» **Problem details**
Find "SELF-LATCHING LOCKING ASSEMBLY", then copy its line and every later line of the entries exactly through the end, leaving all pictures out.

» **Data to examine**

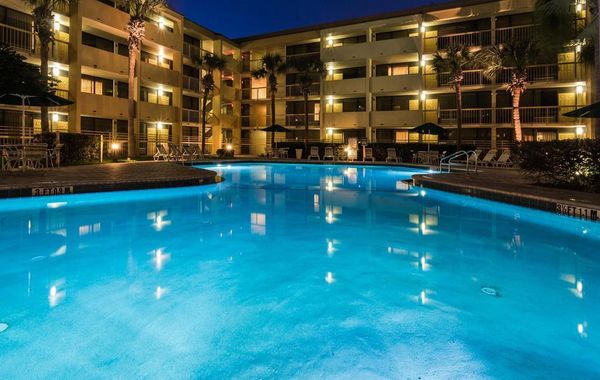 Motel 6 Orlando, FL - International Dr - Hoteles cerca de Universal Studios en Orlando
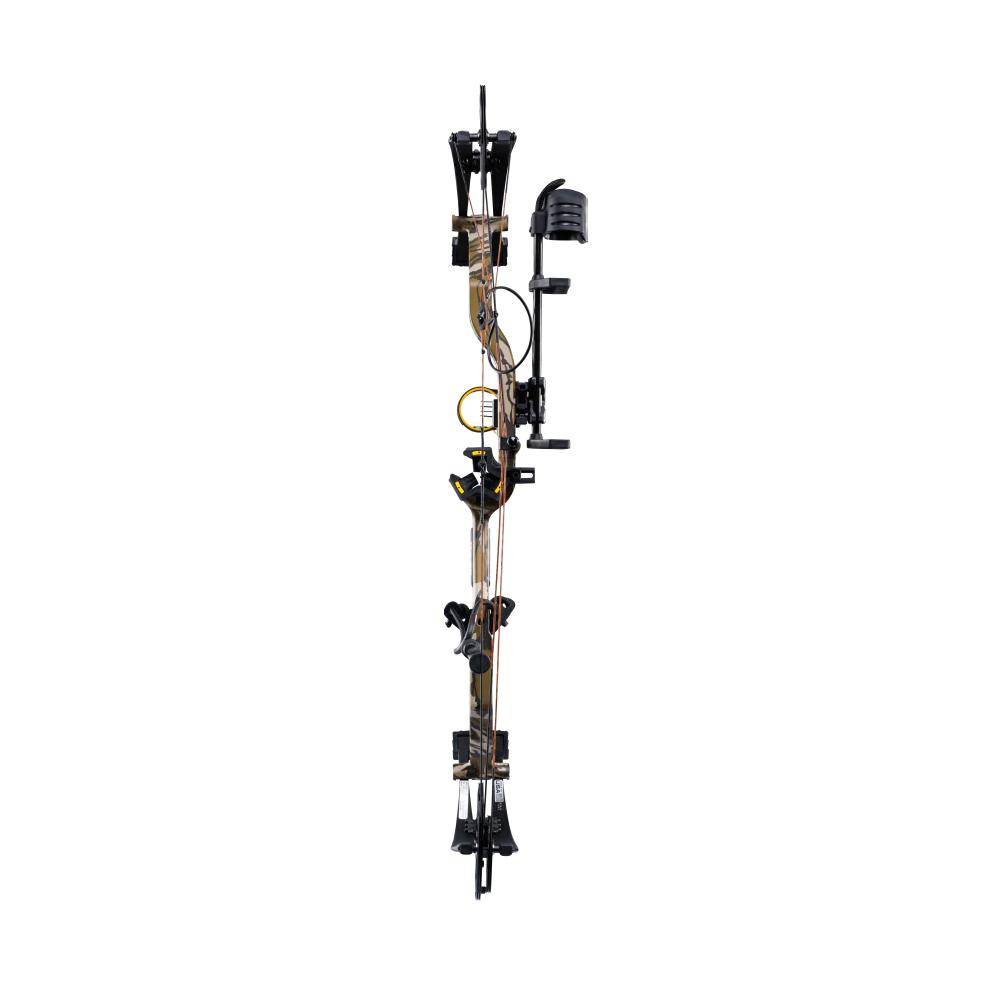Bear Archery Species XT RTH 60RH Compound Bow Mossy Oak Bottomland - Image 5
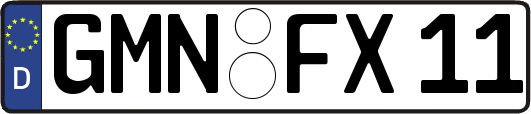 GMN-FX11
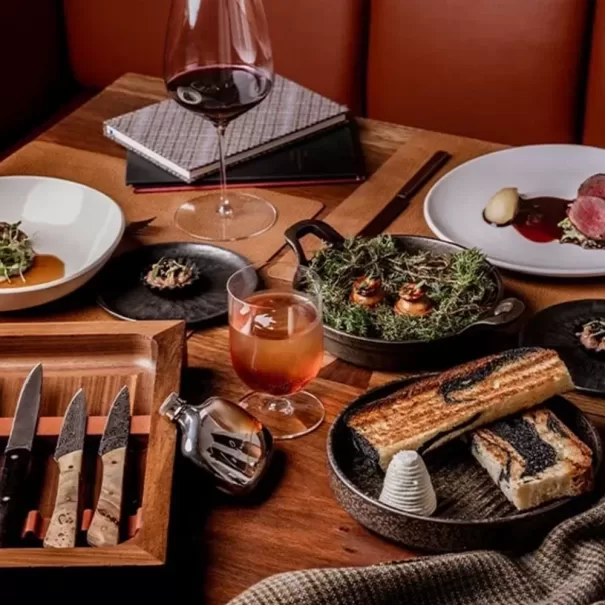 London’s best Burns Night dinners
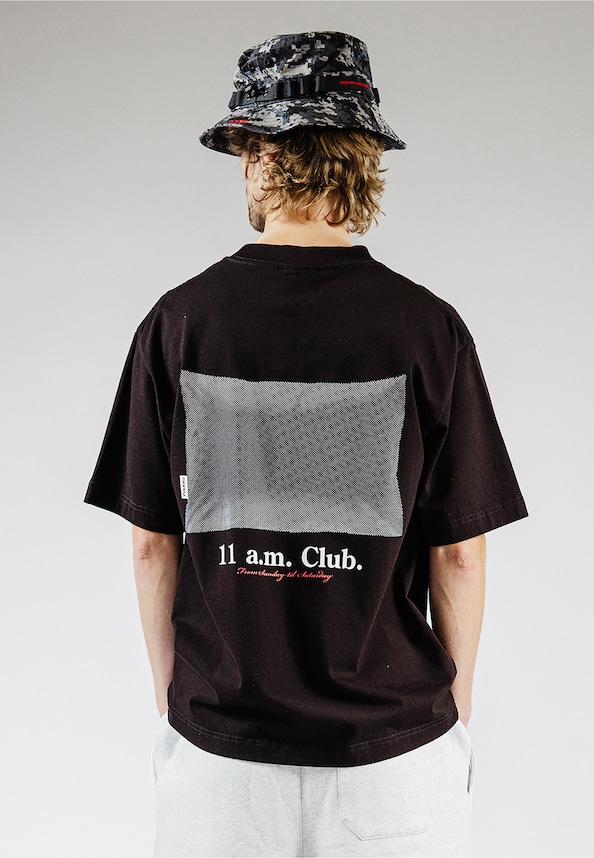 11 a.m. Club Pillow Tee-1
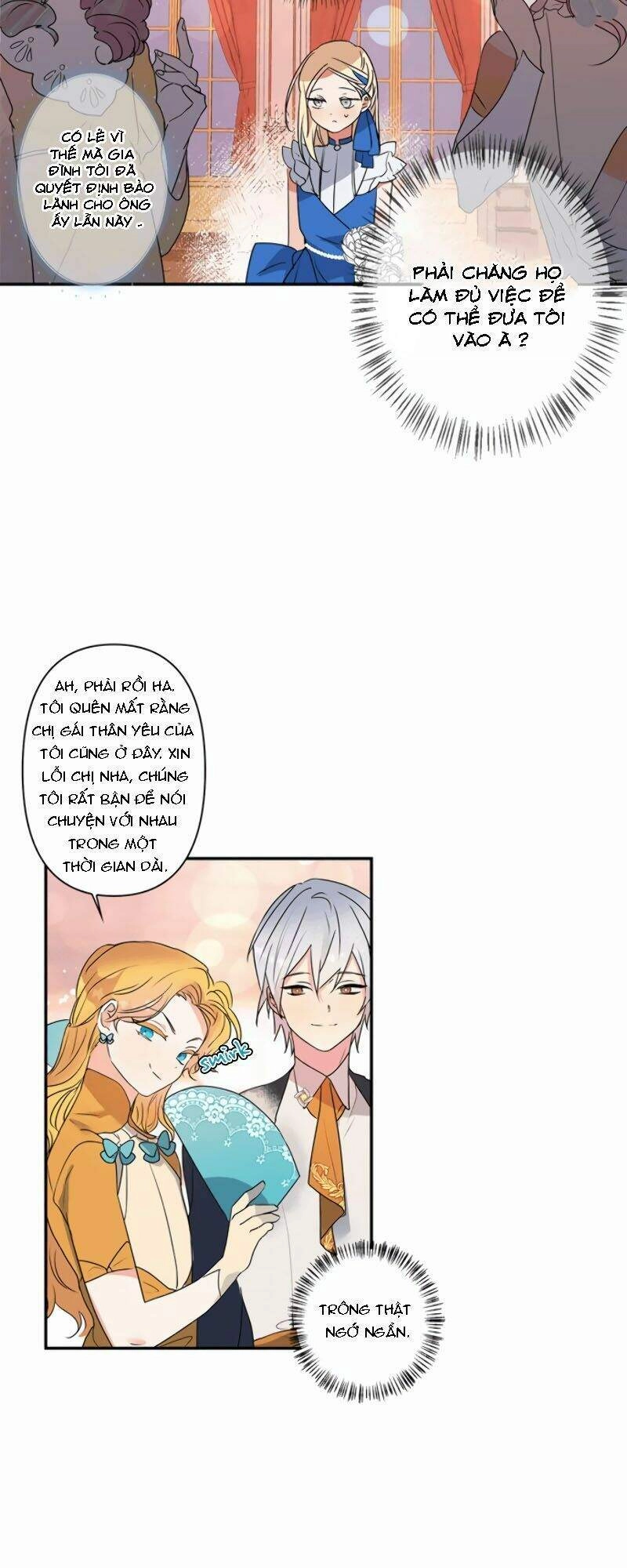 Thuần Hóa Quái Thú Thật Tốt Chapter 8 - 3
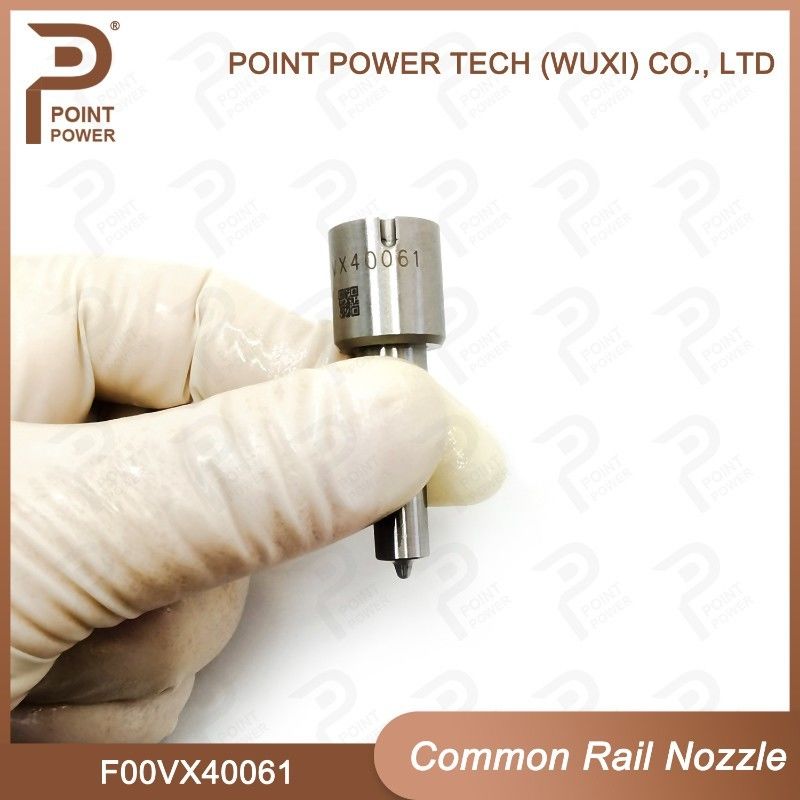 Bosch piezo inyector de boquilla F00VX40061 Para 0 445 116 017/018 boquilla de inyección de combustible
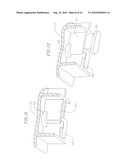 SELF-LATCHING LOCKING ASSEMBLY diagram and image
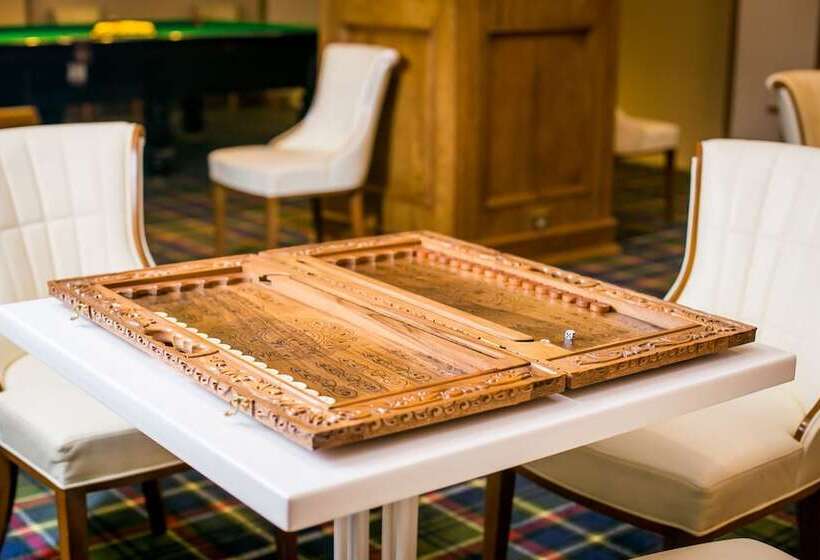 هتل Shamakhi Palace Sharadil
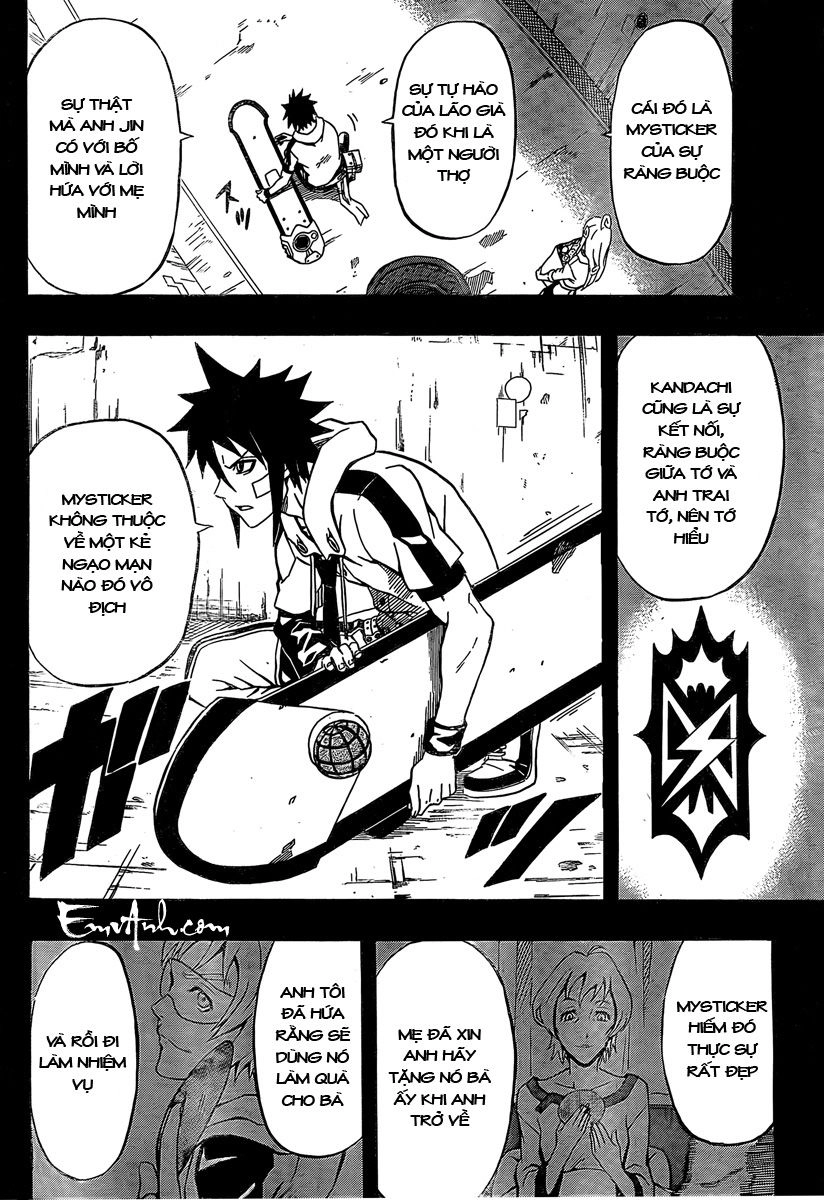 Blazer Drive Chapter 15 - 38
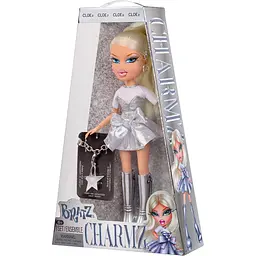 Ігровий набір з лялькою Bratz Charmz - Хлоя (599333) - мініатюра 4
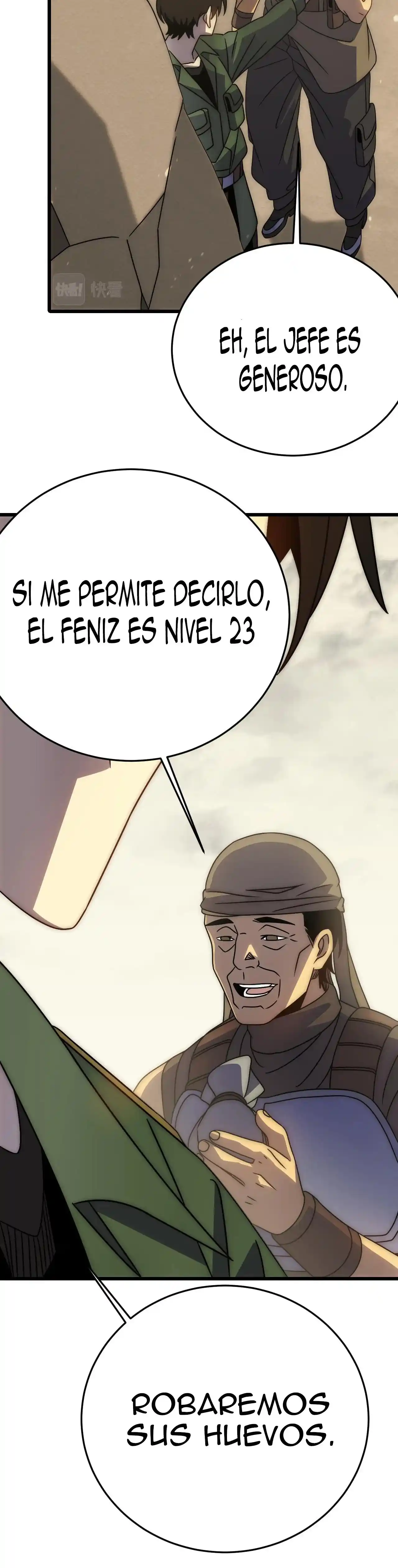 Ladrón Apocalíptico - Capítulo 158 - Página 11 - LectorTMOo
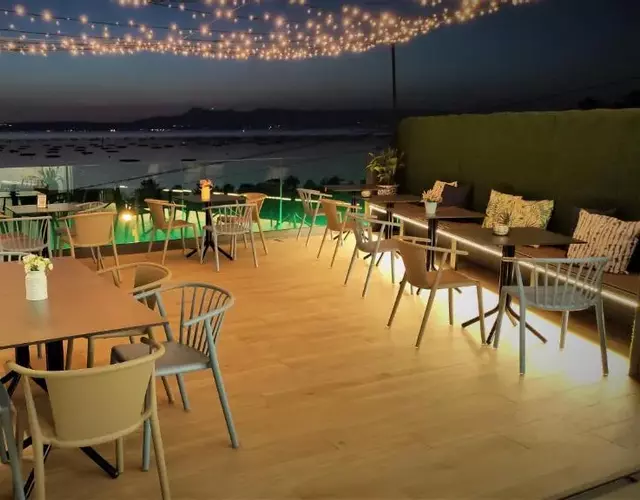 Hotel Mirador Ría de Arosa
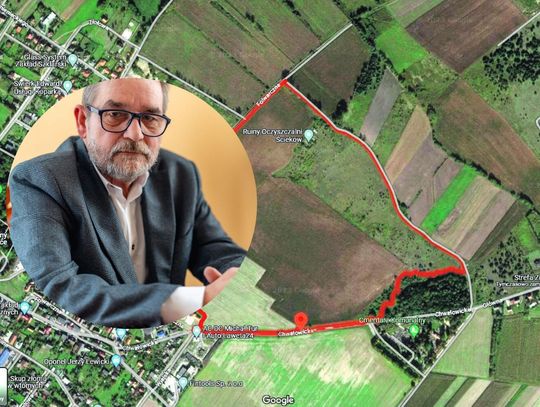 Co dalej z nową halą "Jelcza"? Były burmistrz pyta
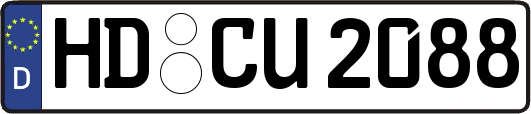 HD-CU2088
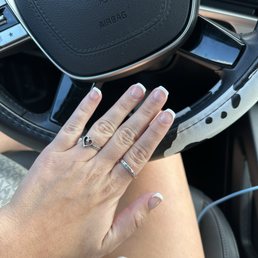 French Manicure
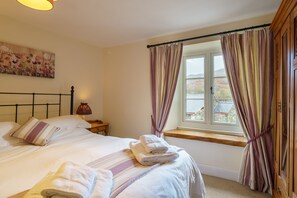 2 Schlafzimmer, Internetzugang, Bettwäsche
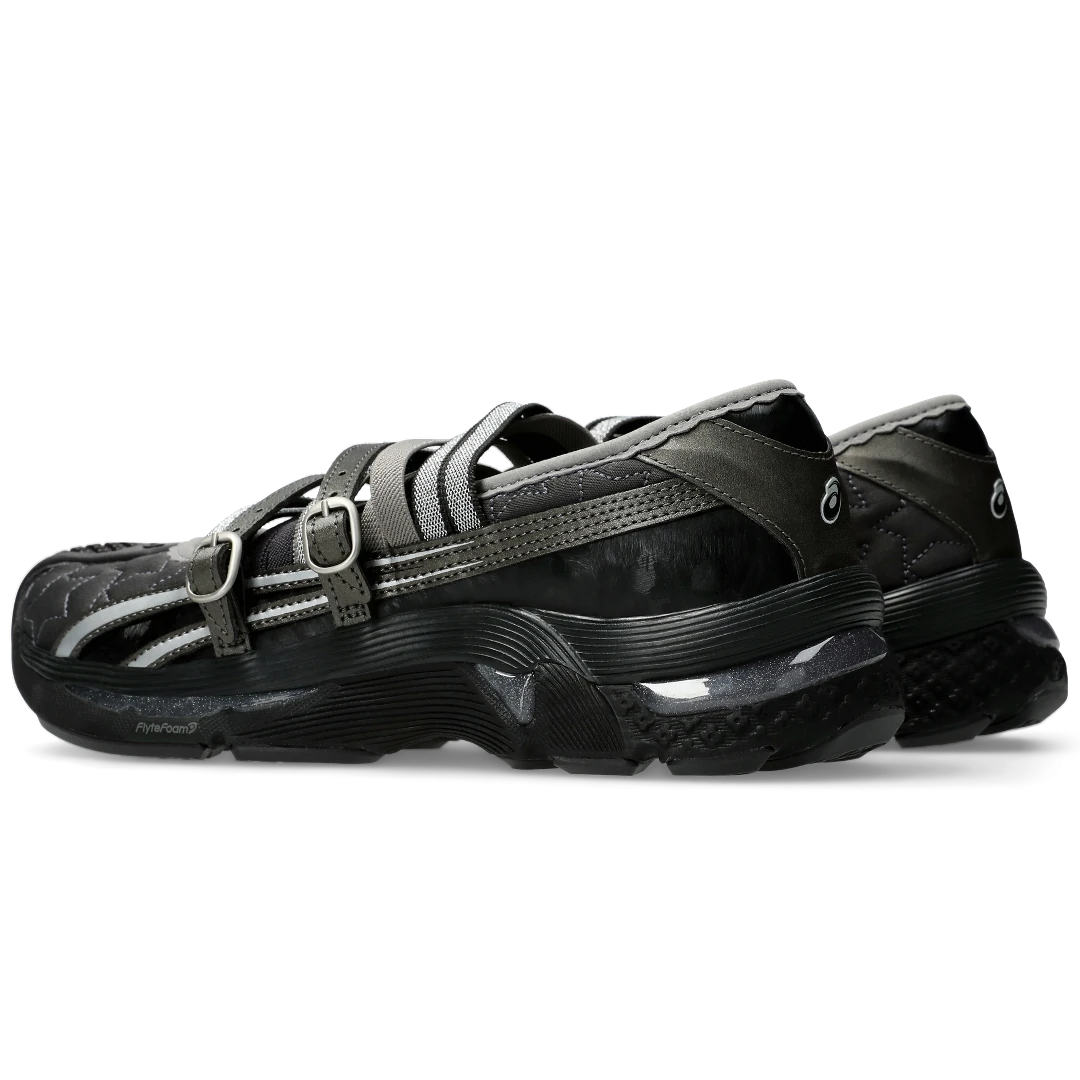ASICS Gel-Lokros Heaven by Marc Jacobs Kiko Kostadinov Graphite Grey, Graphite Grey/Gunmetal (1202A489-020)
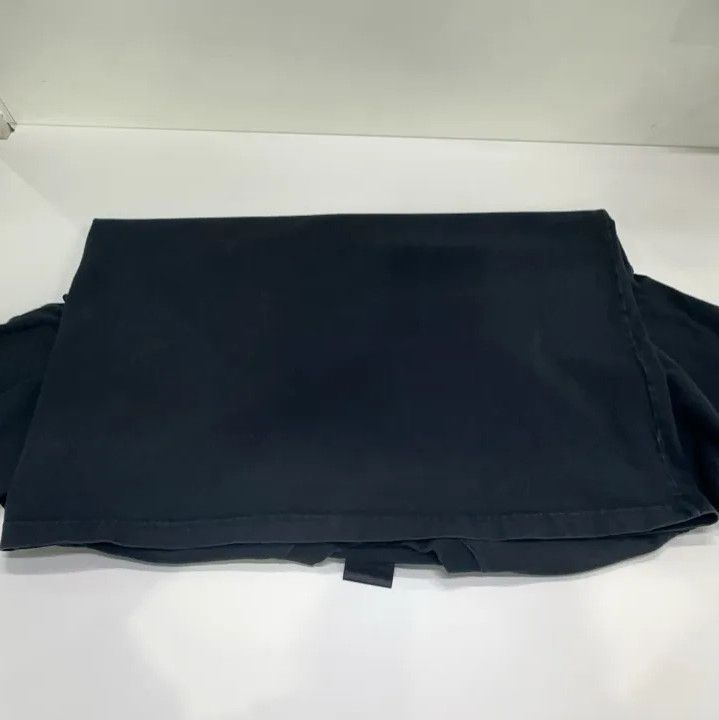 Balenciaga Balenciaga Black Logo Print Short Sleeve T-Shirt Size US M / EU 48-50 / 2 - 15 Thumbnail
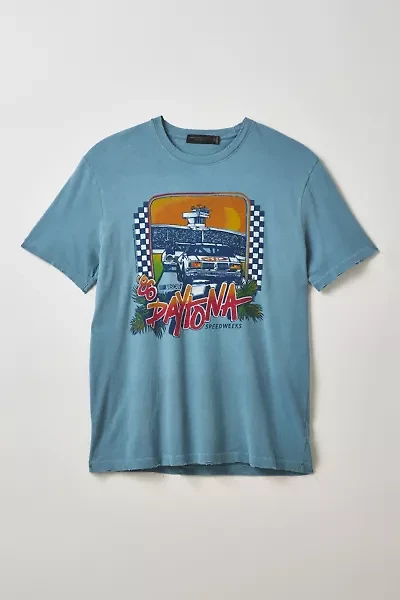 NASCAR '86 Daytona Speedway Graphic Tee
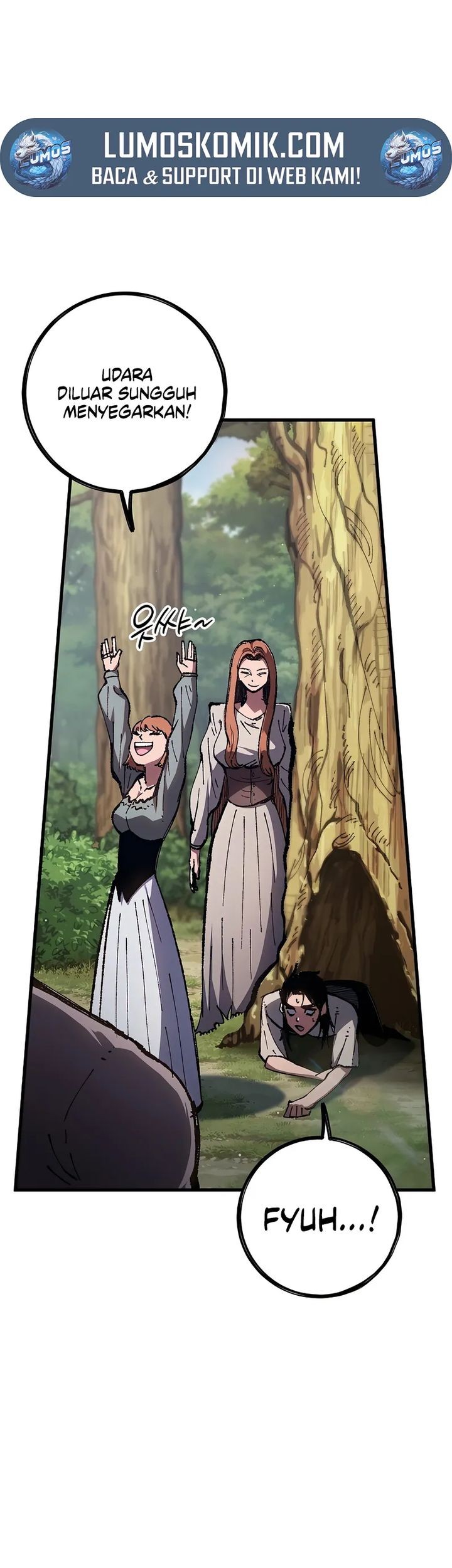 Chronicle of Runes Chapter 1 - halaman 35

» **Answer to this problem**
 SELF-LATCHING LOCKING ASSEMBLY diagram and image
 هتل Shamakhi Palace Sharadil
 Blazer Drive Chapter 15 - 38
 Ігровий набір з лялькою Bratz Charmz - Хлоя (599333) - мініатюра 4
 Ladrón Apocalíptico - Capítulo 158 - Página 11 - LectorTMOo
 Hotel Mirador Ría de Arosa
 Co dalej z nową halą "Jelcza"? Były burmistrz pyta
 HD-CU2088
 French Manicure
 2 Schlafzimmer, Internetzugang, Bettwäsche
ASICS Gel-Lokros Heaven by Marc Jacobs Kiko Kostadinov Graphite Grey, Graphite Grey/Gunmetal (1202A489-020)
 Balenciaga Balenciaga Black Logo Print Short Sleeve T-Shirt Size US M / EU 48-50 / 2 - 15 Thumbnail
 NASCAR '86 Daytona Speedway Graphic Tee
 Chronicle of Runes Chapter 1 - halaman 35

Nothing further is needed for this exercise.